Work task → All pictures are to be dropped, and everything else in the data duplicated exactly.

Information supplied →
== Segment start ==

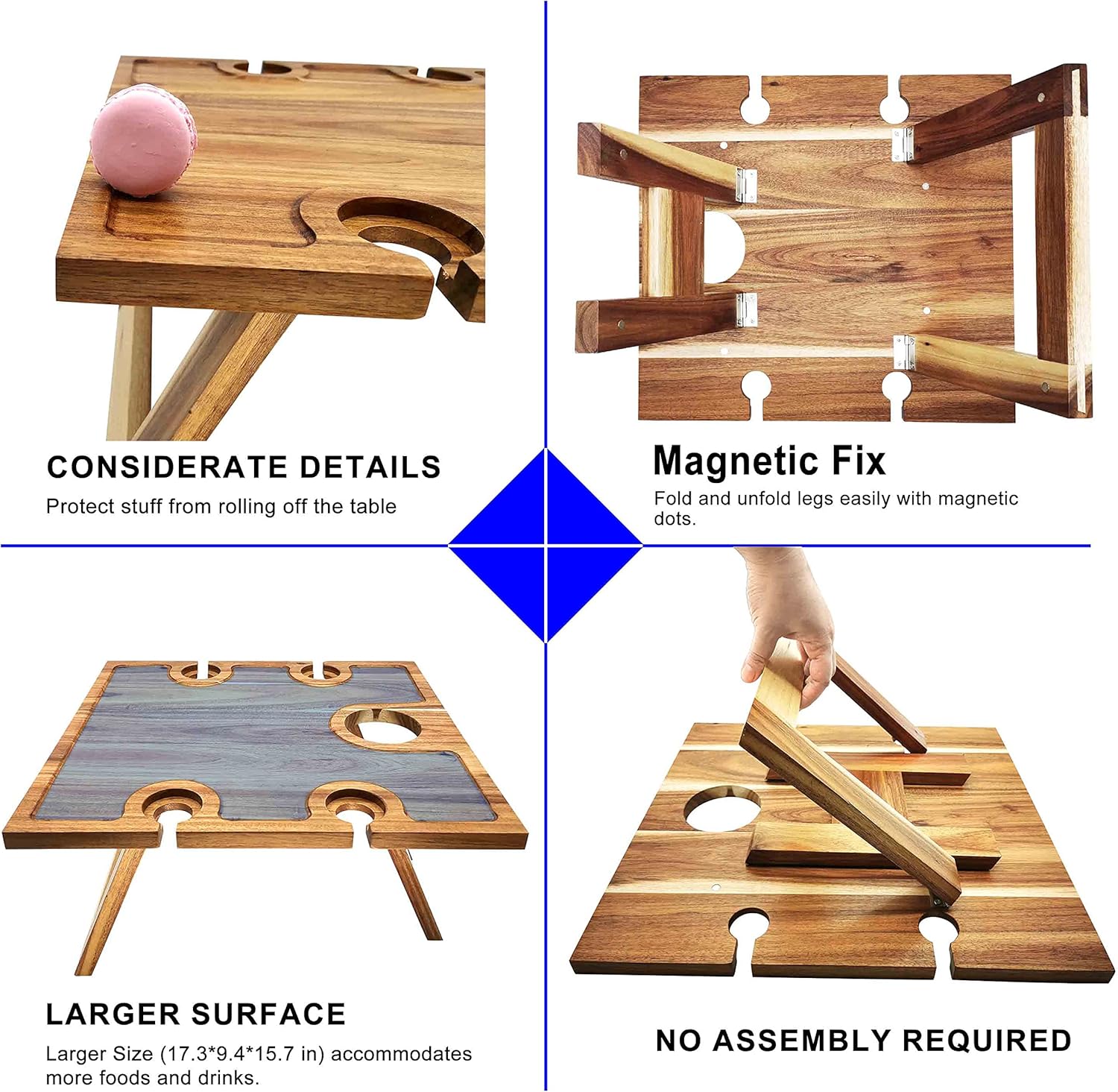 WineTote™ – Deluxe Tragbarer Picknick-Weintisch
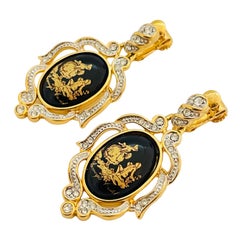 Vintage gold cameo enamel rhinestones designer clip on earrings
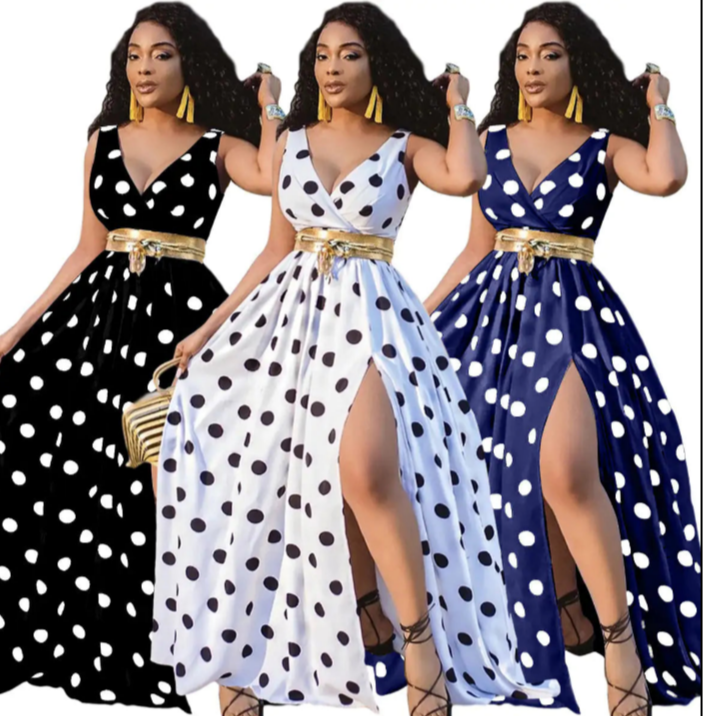 three women in dresses with polka dots on them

== Segment end ==

Response →
 WineTote™ – Deluxe Tragbarer Picknick-Weintisch
 Vintage gold cameo enamel rhinestones designer clip on earrings
 three women in dresses with polka dots on them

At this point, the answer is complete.